> [Work required]:
Here is the task for the records below: repeat exactly the lines from the one with "Einfach Bauer –" to the one with "4 pairs of hoop earrings", both included, and nothing else.

> [Extracted records]:
◆ ◆ ◆ ◆

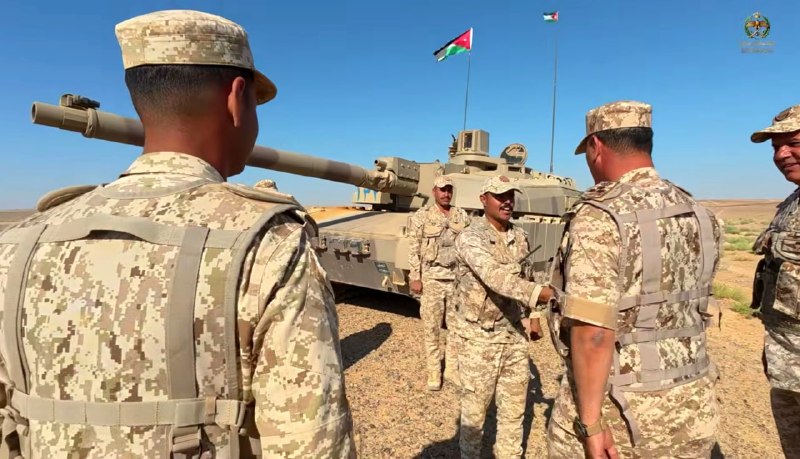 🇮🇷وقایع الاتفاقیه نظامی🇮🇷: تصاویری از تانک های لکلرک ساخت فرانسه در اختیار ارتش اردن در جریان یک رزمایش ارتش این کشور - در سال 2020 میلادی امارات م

◆ ◆ ◆ ◆

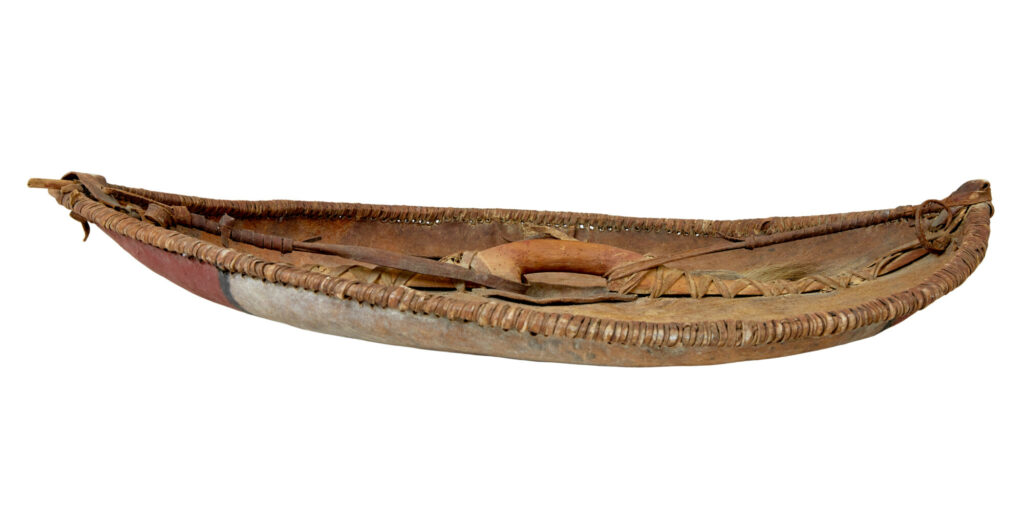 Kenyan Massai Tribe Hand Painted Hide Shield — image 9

◆ ◆ ◆ ◆

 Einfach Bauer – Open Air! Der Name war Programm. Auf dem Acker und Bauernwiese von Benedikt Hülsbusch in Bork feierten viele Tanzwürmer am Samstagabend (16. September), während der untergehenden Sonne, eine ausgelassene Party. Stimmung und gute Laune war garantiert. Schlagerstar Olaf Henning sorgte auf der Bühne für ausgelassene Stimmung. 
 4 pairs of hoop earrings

◆ ◆ ◆ ◆

> [Task output]:
 Einfach Bauer – Open Air! Der Name war Programm. Auf dem Acker und Bauernwiese von Benedikt Hülsbusch in Bork feierten viele Tanzwürmer am Samstagabend (16. September), während der untergehenden Sonne, eine ausgelassene Party. Stimmung und gute Laune war garantiert. Schlagerstar Olaf Henning sorgte auf der Bühne für ausgelassene Stimmung. 
 4 pairs of hoop earrings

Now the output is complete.